También ocurrió en España tras el 11M, cuando la respuesta social superó con creces la nefasta reacción institucional, pero la sociedad catalana ha vuelto a demostrar estos días el nervio que le ha llevado no solo ha protagonizar las manifestaciones más grandes de Europa en los últimos años –las Diadas–, sino también la mayor movilización registrada a favor de la acogida de refugiados. Una sociedad activa, que se mira al espejo y se reconoce, que no para de conversar consigo misma y que este sábado volverá a llenar las calles de Barcelona en una manifestación en la que todavía está por ver cuál será el papel de Felipe de Borbón, que se postuló para encabezarla. Si no corrigen, es probable que el tiro le salga por la culata a la Casa Real.

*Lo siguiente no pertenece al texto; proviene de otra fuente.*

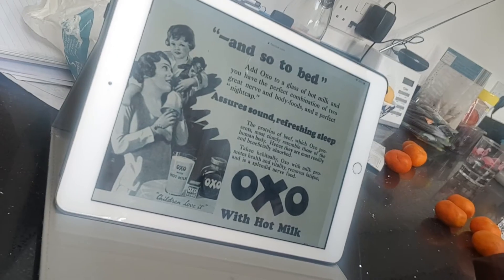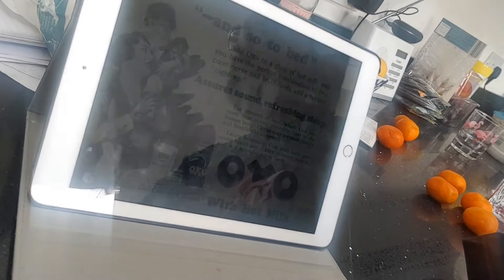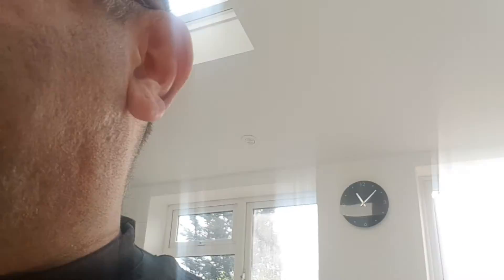Friends on Facebook will have seen me already consider this, but now I've decided to go for it. Have a look at this advert. I should apologise — the little girl's holding a golliwog; that's not my fault, it's the time it was made. But basically it says: "And so to bed — add OXO to a glass of hot milk and you have the perfect combination of two great nerve and body foods and a perfect nightcap." Children love it because you've got the mixture of the proteins of beef and the health and vitality which removes fatigue of milk.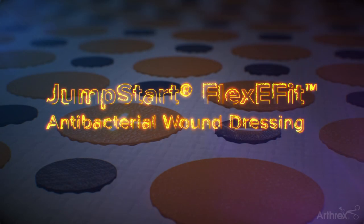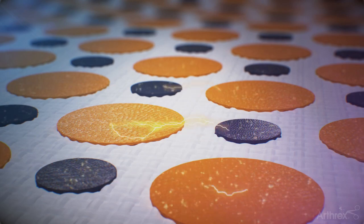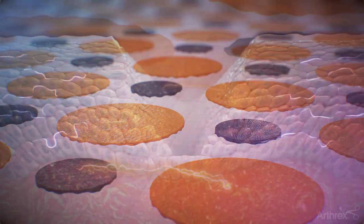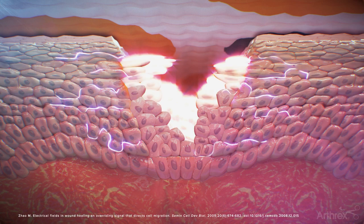The Arthrix Jumpstart Antibacterial Wound Dressing utilizes a patented technology of embedded silver and zinc islands that, when hydrated, generate a physiological microcurrent through the dressing. The presence of the microcurrent has been demonstrated in studies to promote an optimal environment for wound healing.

Habrá tiempo en los próximos días para retomar la agenda soberanista y volver a pisar el acelerador del proceso –está previsto que la Ley del referéndum se apruebe entre el 6 y el 7 de setiembre–, pero de momento quien sale favorecida del dramático test de estrés es la parte catalana, que ha blindado su credibilidad y ha elevado el precio a pagar por parte del Estado español a la hora de tratar de impedir el referéndum del 1 de octubre. Ahora será más difícil aún justificar la inhabilitación de un Puigdemont que ayer mismo intervenía en directo en la CNN.
Sea como sea, y al margen de lo que ocurra en los próximos dos meses, Catalunya ha emergido estos días a ojos del mundo como una realidad social y política diferenciada de la española, y ha demostrado al mundo –y se ha demostrado a sí misma– que puede funcionar como un Estado. Empezar a creerlo de veras es un paso de gigante para serlo algún día.